As so often, from that seed one can spiral out into similar corpus-investigating tools, such as the online Voyant Toolkit, which makes statistical properties of texts visible and accepts cut-and-pasted text for quick analysis. I am not clear yet how to use some of tools, such as Cirrus-display or the term-berry, but my example was rather short and had little in terms of repeating words.
Because Corpus Linguistics has been going on for a while now, there are a couple of good articles or even books on how to construct corpora on Amazon, mostly targeting linguists however, with a few exceptions.
There has also been criticism in the community, distinguishing corpus linguistics from discourse analysis. The recent exercise that I went through for the purposes of this blog, on Ernest Gellner's book Plow, Sword and Book, effectively plays off the discourse analytic stance against the corpus linguistic one, as I now suspect. The most recent book I was able to obtain that splits the difference comes from the analysis of academic writing.

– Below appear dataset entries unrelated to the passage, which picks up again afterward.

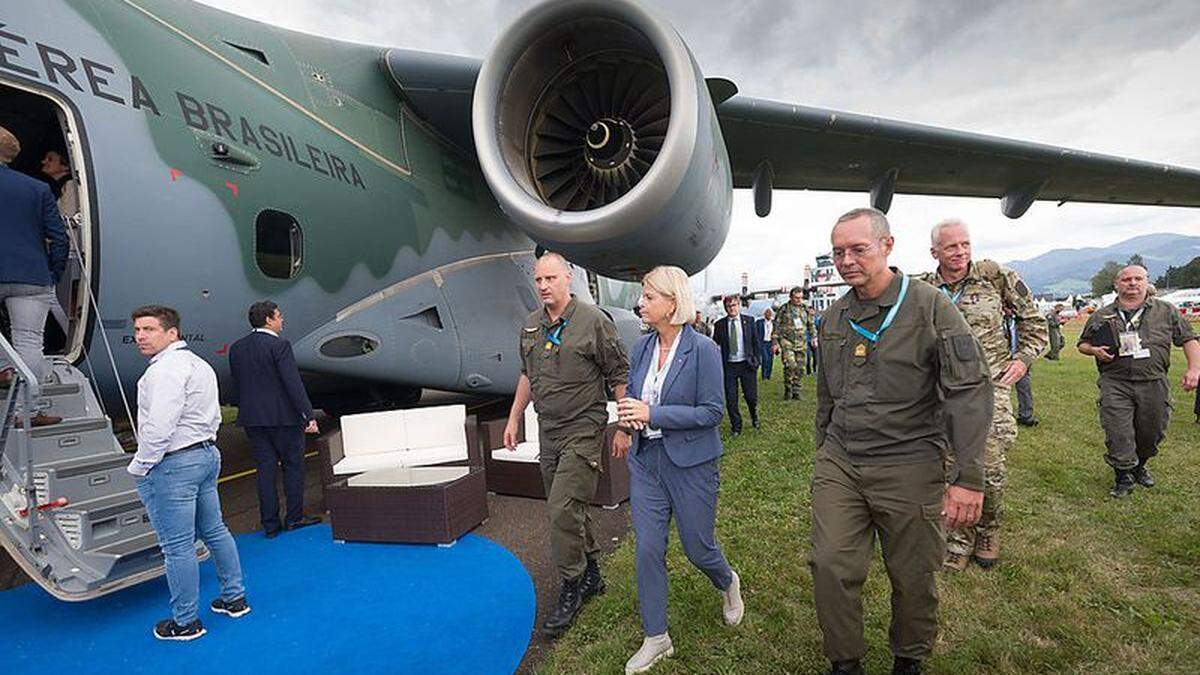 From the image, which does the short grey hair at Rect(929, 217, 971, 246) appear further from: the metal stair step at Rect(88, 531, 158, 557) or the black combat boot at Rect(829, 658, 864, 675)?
the metal stair step at Rect(88, 531, 158, 557)

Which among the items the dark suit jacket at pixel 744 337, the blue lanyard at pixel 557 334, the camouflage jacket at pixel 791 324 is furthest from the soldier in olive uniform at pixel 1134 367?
the camouflage jacket at pixel 791 324

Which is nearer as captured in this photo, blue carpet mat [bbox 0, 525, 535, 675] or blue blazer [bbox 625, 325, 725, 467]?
blue blazer [bbox 625, 325, 725, 467]

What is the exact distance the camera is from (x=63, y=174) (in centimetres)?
430

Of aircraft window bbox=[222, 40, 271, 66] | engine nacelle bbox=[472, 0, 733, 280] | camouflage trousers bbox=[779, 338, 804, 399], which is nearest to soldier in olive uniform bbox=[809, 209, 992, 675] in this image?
engine nacelle bbox=[472, 0, 733, 280]

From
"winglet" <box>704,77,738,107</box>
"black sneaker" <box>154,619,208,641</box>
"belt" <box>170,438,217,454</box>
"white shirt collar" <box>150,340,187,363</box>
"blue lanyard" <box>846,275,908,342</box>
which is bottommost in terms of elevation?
"black sneaker" <box>154,619,208,641</box>

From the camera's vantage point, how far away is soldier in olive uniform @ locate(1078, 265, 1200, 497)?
14.7 ft

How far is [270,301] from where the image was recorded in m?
4.51

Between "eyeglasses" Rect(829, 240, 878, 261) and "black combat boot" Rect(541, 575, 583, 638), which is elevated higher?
"eyeglasses" Rect(829, 240, 878, 261)

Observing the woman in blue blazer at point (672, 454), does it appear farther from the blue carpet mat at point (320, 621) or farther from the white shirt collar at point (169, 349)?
the white shirt collar at point (169, 349)

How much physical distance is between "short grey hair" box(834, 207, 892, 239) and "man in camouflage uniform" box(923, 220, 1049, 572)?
1.43m

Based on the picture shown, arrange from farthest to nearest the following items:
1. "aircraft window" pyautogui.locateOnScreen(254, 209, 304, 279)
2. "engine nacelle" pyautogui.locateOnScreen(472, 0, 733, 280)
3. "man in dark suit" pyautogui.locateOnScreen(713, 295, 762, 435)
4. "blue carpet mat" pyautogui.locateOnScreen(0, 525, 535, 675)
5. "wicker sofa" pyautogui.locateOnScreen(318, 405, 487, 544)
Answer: "man in dark suit" pyautogui.locateOnScreen(713, 295, 762, 435) < "aircraft window" pyautogui.locateOnScreen(254, 209, 304, 279) < "wicker sofa" pyautogui.locateOnScreen(318, 405, 487, 544) < "engine nacelle" pyautogui.locateOnScreen(472, 0, 733, 280) < "blue carpet mat" pyautogui.locateOnScreen(0, 525, 535, 675)

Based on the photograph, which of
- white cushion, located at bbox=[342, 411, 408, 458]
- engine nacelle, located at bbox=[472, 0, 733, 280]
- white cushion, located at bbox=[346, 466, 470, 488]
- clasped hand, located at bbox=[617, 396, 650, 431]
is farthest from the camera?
white cushion, located at bbox=[342, 411, 408, 458]

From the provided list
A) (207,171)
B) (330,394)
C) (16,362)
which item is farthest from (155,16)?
(330,394)

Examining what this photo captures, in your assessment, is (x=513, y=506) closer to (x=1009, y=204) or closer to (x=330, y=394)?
(x=330, y=394) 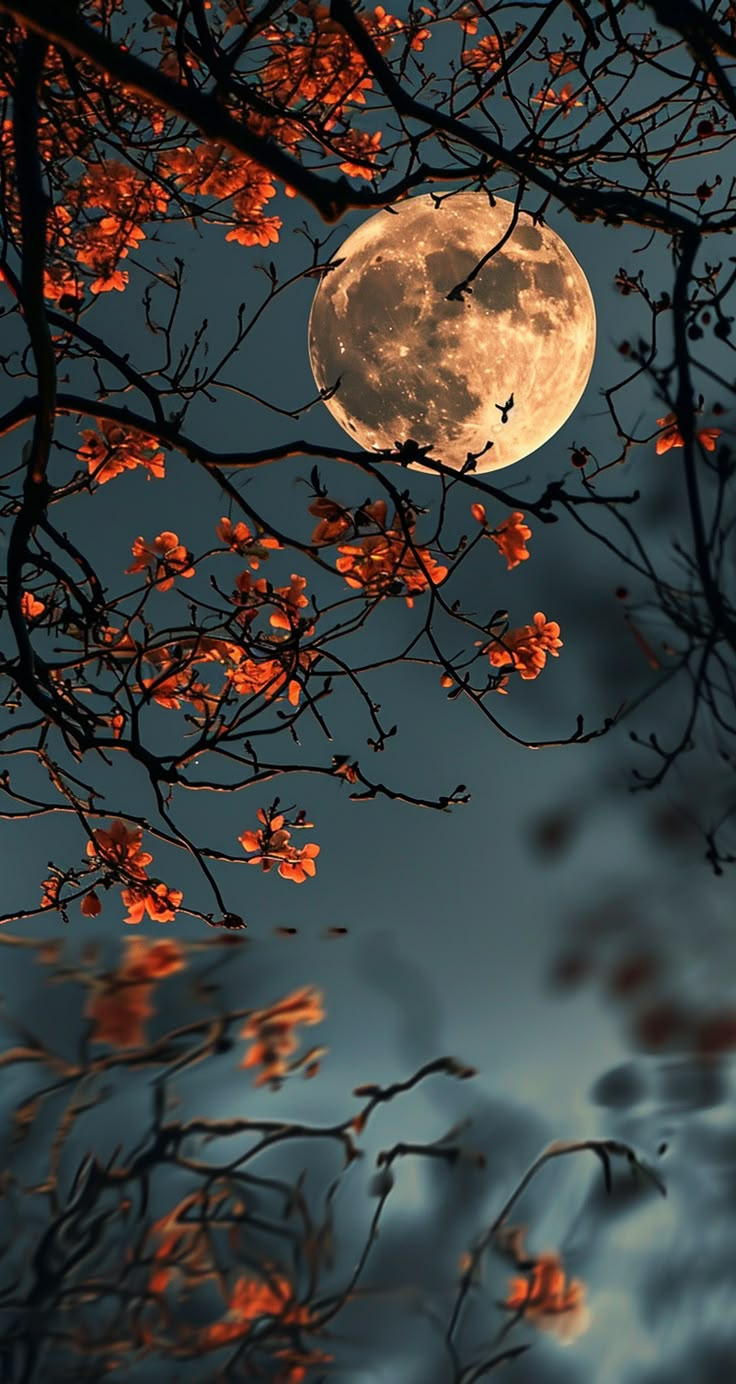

There have been more principled attacks against corpus linguistics, for example from Noam Chomsky, for example discussed here, which see in corpus linguistics the mistaken assumption that data will eventually induce itself into a theory. (That sounds familiar ....)
There are also people who simply try to explain how corpus linguistics came about and developed, e.g. Karen Fort at INIST.fr. Fort reminds her readers of the incident reported in Hill 1962, when Chomsky overplayed his hand and denying that perform could be used with mass-nouns in English, citing himself as a native speaker as an authority. The British national Corpus revealed however that perform magic is indeed just such a construction. (I would argue that Chomsky fell into a recognition/recall trap here, overestimating the latter based on his excellence at the former. Still---bad for him.)
A more detailed review with 20th century references from the University of Lancaster can be found here. It cites British linguists like H. Widdowson, who in 2000 wrote an article entitled The Limitations of Linguistics Applied in Applied Linguistics, 21/1:3-25.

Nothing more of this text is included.